There is a tradition to greet 3 people when you welcome the new moon. You say “Shalom Aleichem” (may peace be upon you) and they respond “Aleichem Shalom” (and to you, peace). These postcards are a contemporary way to cultivate a pen pal of peace. Each month exchange the postcards, and at the end of the year, keep the wishes you were sent in the box they came in!

Week 4
Every Generation…

My grandfather’s Siddur is colored with drips of wine and happy memories, on the page containing Friday night kiddush. And with spring fast arriving, Pesach was on my mind. There is a tradition to use a drop of wine for each plague at the Seder. This book has 120 pages, each with the ten plagues. Mark each one with wine, and then pass it on to the next generation to continue. 120 years later, you will have a record of all the Seders!

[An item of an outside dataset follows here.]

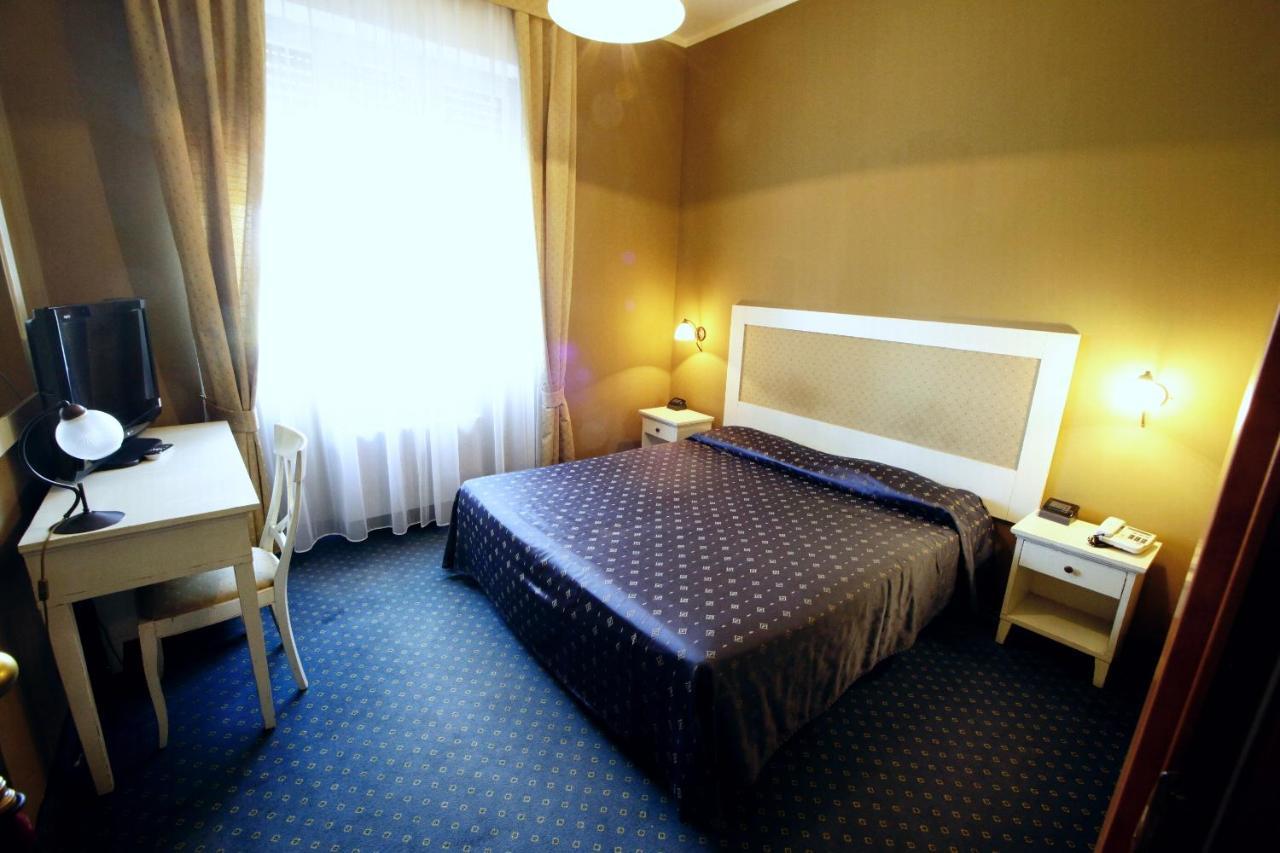 Hotel De La Ville 베레구아르도 외부 사진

Age: 37 Location: Denver, CO and and and and

 Illustration & calligraphy would be my strongest – though I utilize and teach various mediums of the arts.

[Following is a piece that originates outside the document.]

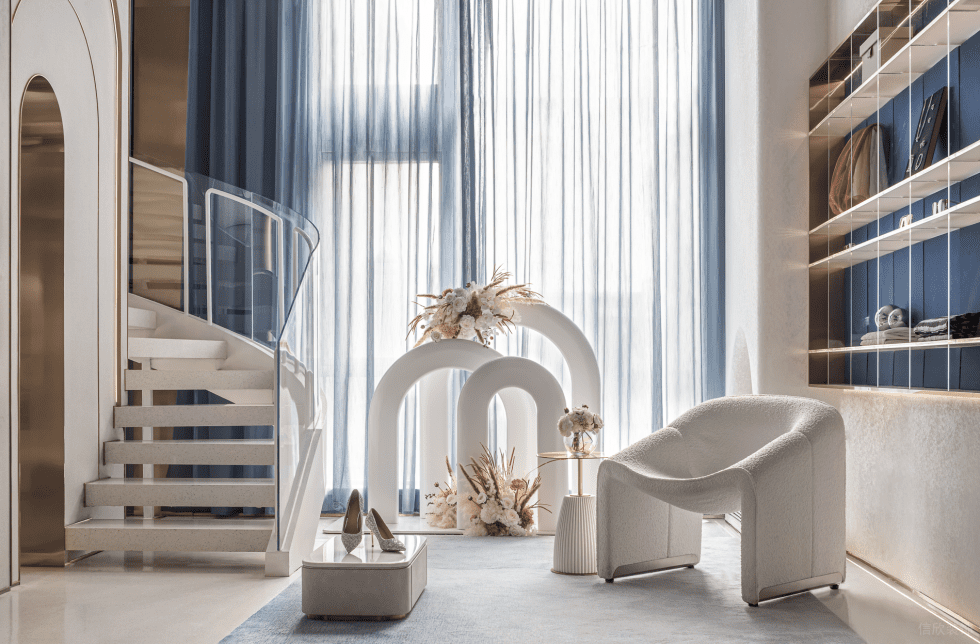 深圳市南山區(qū)蛇口現(xiàn)代輕奢風(fēng)禮服店裝修設(shè)計(jì)-接待區(qū) 深圳市南山區(qū)蛇口現(xiàn)代輕奢風(fēng)禮服店裝修設(shè)計(jì)-接待區(qū)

Yehoshua Hooper grew up being a third-culture kid, constantly exploring new places and creating art along the way. He received his MA in Jewish Education, Nonprofit Development, and Art Education at the Jewish Theological Seminary (JTS) in New York City. During his time at JTS, he was part of the artist residency program and worked at the Jewish Art Museum which fulled his passions for creating specialized programming on the Torah and the arts. While in Jerusalem, he studied at Pardes Institute of Jewish Studies, where he received a certification in experiential education and co-ran community studio workshops in Nachlaot. Now in Denver, Yosh runs online art workshops and has been the art director at Ramah-in-the-Rockies.

Week 1
Peeling the Klipah

I created this mask to represent the various experiences I’ve had during COVID and the process of shedding the attributes that kept me in the dark. It is a reminder, that when I put Hashem (Gd), I can shed the layers that is hindering me becoming the best version of myself. The mask has three layers, representing Nefesh, Ruah, and Neshama – the three levels of the soul in which we are given an opportunity to refine.

Week 2
For the Sake of Kodesh (Holiness)

This stained glass of a Shiviti – a visual meditative guide of a menorah utilized for contemplation over Hashem’s name (represented by the letter ‘Hei’) – was formed from four glass panels, each representing foreign sources/influences that I have given my attention to in the past or have struggle with.

Week 3
Kiddush Levana

Inspired by the scroll casing typically found with Megillah Esther – I found it a fitting idea especially concerning the New Moon and its light awaiting to be revealed. I wanted to create a piece that I could use each month. I used two layers of metal sheet and used a pomegranate design to represent the spring time.

Week 4
Sefirot Ha’Omer: A Visual Guide for the Soul

This is a time piece, an invitation for the viewer to utilize during the counting of the omer. The illustration conveys the message of this journey, focusing on the particular sefirot (attribute) of each week while contemplating who they stand before (Hashem). Spring time reflects renewal – an opportunity to become partners in creation and counting the omer is an act of preparation so one will be ready to receive the Torah.